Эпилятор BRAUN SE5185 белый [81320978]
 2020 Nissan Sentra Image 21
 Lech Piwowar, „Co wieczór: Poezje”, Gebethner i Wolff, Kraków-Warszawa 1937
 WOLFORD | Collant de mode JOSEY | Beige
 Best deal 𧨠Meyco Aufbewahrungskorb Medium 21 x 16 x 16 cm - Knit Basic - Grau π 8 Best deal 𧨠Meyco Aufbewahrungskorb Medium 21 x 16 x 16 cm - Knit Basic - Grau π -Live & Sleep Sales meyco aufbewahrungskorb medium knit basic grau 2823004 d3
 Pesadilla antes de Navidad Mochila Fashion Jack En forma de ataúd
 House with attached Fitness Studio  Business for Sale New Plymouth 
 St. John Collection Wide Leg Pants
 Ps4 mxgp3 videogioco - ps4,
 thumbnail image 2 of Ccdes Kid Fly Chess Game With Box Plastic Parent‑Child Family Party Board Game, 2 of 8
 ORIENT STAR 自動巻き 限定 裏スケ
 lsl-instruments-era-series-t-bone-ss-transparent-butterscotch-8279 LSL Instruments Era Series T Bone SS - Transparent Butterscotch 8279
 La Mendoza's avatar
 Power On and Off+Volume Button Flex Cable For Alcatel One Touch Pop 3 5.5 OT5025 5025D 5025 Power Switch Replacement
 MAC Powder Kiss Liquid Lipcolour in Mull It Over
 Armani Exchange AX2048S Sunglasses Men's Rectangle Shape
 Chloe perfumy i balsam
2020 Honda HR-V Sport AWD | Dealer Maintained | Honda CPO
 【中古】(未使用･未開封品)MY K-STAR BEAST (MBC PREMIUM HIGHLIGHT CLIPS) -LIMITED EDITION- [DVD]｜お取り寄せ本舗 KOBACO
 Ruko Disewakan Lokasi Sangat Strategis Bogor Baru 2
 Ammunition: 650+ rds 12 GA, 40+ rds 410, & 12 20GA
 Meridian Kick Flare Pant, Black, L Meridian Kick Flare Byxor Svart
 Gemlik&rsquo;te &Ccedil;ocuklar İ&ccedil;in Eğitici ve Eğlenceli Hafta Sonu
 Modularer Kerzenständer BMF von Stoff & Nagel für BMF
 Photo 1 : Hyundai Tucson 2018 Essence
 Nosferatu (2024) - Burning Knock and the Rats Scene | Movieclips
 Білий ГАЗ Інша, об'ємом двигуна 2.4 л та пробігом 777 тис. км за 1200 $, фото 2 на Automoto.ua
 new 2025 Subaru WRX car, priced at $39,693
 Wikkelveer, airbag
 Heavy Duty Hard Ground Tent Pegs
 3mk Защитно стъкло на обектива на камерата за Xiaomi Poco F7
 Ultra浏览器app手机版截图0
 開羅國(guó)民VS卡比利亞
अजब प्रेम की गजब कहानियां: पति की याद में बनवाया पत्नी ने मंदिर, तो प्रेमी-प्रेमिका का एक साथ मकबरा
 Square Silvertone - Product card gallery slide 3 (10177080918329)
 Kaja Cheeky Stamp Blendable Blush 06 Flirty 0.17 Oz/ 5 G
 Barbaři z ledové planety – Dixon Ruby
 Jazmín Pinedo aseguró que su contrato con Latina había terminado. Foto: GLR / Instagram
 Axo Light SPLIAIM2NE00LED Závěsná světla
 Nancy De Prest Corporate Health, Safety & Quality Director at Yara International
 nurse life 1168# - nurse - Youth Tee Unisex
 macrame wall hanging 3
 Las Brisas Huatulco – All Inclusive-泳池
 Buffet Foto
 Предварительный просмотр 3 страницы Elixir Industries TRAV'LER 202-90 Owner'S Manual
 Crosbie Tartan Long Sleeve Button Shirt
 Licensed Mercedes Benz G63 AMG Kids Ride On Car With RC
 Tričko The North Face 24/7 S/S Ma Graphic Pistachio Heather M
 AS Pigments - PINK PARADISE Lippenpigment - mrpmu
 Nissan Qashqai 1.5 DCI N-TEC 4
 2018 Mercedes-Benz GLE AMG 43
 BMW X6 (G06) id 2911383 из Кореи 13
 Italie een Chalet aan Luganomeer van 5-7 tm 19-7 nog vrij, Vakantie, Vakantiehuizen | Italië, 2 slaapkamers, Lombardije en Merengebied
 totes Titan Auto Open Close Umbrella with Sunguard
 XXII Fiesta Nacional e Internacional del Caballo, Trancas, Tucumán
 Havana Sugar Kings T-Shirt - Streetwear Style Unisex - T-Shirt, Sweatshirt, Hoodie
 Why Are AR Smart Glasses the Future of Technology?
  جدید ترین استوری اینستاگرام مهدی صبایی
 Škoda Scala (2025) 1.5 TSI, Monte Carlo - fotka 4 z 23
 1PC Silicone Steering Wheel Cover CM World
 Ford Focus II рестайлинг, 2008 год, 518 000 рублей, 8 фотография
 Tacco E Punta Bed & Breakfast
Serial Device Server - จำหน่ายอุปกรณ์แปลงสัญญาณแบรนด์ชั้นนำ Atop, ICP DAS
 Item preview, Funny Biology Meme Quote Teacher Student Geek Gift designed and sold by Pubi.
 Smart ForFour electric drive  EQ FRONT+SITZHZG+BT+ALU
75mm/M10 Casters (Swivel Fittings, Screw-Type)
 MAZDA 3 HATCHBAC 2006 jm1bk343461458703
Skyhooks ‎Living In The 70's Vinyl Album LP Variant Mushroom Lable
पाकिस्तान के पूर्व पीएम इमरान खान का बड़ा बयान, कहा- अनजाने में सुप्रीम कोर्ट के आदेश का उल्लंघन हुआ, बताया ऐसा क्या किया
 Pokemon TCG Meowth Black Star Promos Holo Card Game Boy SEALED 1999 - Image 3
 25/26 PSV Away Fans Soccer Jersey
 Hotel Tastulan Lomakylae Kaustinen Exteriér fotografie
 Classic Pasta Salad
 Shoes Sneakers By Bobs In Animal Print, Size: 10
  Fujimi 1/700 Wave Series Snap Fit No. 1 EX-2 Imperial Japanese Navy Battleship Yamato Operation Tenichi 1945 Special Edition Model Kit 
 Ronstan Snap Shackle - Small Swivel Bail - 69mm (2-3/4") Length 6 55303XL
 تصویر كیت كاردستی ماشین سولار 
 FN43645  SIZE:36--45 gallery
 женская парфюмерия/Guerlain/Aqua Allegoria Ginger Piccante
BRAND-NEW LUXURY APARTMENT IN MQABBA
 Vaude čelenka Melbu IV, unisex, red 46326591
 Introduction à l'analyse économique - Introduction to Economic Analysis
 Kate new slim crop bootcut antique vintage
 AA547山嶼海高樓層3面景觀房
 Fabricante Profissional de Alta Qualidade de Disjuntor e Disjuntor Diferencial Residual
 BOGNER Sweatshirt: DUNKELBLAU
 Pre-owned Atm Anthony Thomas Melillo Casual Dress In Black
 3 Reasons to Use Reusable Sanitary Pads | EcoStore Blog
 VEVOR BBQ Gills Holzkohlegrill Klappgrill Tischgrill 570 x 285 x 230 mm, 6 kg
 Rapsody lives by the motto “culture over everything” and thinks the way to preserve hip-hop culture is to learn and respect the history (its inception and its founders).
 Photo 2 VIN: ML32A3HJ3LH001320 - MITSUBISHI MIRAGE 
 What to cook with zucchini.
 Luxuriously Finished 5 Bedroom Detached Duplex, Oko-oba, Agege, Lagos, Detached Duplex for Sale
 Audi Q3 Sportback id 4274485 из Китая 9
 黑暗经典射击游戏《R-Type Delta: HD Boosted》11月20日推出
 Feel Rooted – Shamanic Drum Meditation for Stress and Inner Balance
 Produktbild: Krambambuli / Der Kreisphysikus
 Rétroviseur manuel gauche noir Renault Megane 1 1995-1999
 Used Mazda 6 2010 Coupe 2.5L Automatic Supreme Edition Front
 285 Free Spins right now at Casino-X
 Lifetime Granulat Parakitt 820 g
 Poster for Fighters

□ □ □ □ □

▶ **What this task involves**
Output the lines above between the one holding "Armani Exchange AX2048S" and the one holding "Why Are AR Smart", inclusive, with nothing before or after them.

▶ **Response to this task**
 Armani Exchange AX2048S Sunglasses Men's Rectangle Shape
 Chloe perfumy i balsam
2020 Honda HR-V Sport AWD | Dealer Maintained | Honda CPO
 【中古】(未使用･未開封品)MY K-STAR BEAST (MBC PREMIUM HIGHLIGHT CLIPS) -LIMITED EDITION- [DVD]｜お取り寄せ本舗 KOBACO
 Ruko Disewakan Lokasi Sangat Strategis Bogor Baru 2
 Ammunition: 650+ rds 12 GA, 40+ rds 410, & 12 20GA
 Meridian Kick Flare Pant, Black, L Meridian Kick Flare Byxor Svart
 Gemlik&rsquo;te &Ccedil;ocuklar İ&ccedil;in Eğitici ve Eğlenceli Hafta Sonu
 Modularer Kerzenständer BMF von Stoff & Nagel für BMF
 Photo 1 : Hyundai Tucson 2018 Essence
 Nosferatu (2024) - Burning Knock and the Rats Scene | Movieclips
 Білий ГАЗ Інша, об'ємом двигуна 2.4 л та пробігом 777 тис. км за 1200 $, фото 2 на Automoto.ua
 new 2025 Subaru WRX car, priced at $39,693
 Wikkelveer, airbag
 Heavy Duty Hard Ground Tent Pegs
 3mk Защитно стъкло на обектива на камерата за Xiaomi Poco F7
 Ultra浏览器app手机版截图0
 開羅國(guó)民VS卡比利亞
अजब प्रेम की गजब कहानियां: पति की याद में बनवाया पत्नी ने मंदिर, तो प्रेमी-प्रेमिका का एक साथ मकबरा
 Square Silvertone - Product card gallery slide 3 (10177080918329)
 Kaja Cheeky Stamp Blendable Blush 06 Flirty 0.17 Oz/ 5 G
 Barbaři z ledové planety – Dixon Ruby
 Jazmín Pinedo aseguró que su contrato con Latina había terminado. Foto: GLR / Instagram
 Axo Light SPLIAIM2NE00LED Závěsná světla
 Nancy De Prest Corporate Health, Safety & Quality Director at Yara International
 nurse life 1168# - nurse - Youth Tee Unisex
 macrame wall hanging 3
 Las Brisas Huatulco – All Inclusive-泳池
 Buffet Foto
 Предварительный просмотр 3 страницы Elixir Industries TRAV'LER 202-90 Owner'S Manual
 Crosbie Tartan Long Sleeve Button Shirt
 Licensed Mercedes Benz G63 AMG Kids Ride On Car With RC
 Tričko The North Face 24/7 S/S Ma Graphic Pistachio Heather M
 AS Pigments - PINK PARADISE Lippenpigment - mrpmu
 Nissan Qashqai 1.5 DCI N-TEC 4
 2018 Mercedes-Benz GLE AMG 43
 BMW X6 (G06) id 2911383 из Кореи 13
 Italie een Chalet aan Luganomeer van 5-7 tm 19-7 nog vrij, Vakantie, Vakantiehuizen | Italië, 2 slaapkamers, Lombardije en Merengebied
 totes Titan Auto Open Close Umbrella with Sunguard
 XXII Fiesta Nacional e Internacional del Caballo, Trancas, Tucumán
 Havana Sugar Kings T-Shirt - Streetwear Style Unisex - T-Shirt, Sweatshirt, Hoodie
 Why Are AR Smart Glasses the Future of Technology?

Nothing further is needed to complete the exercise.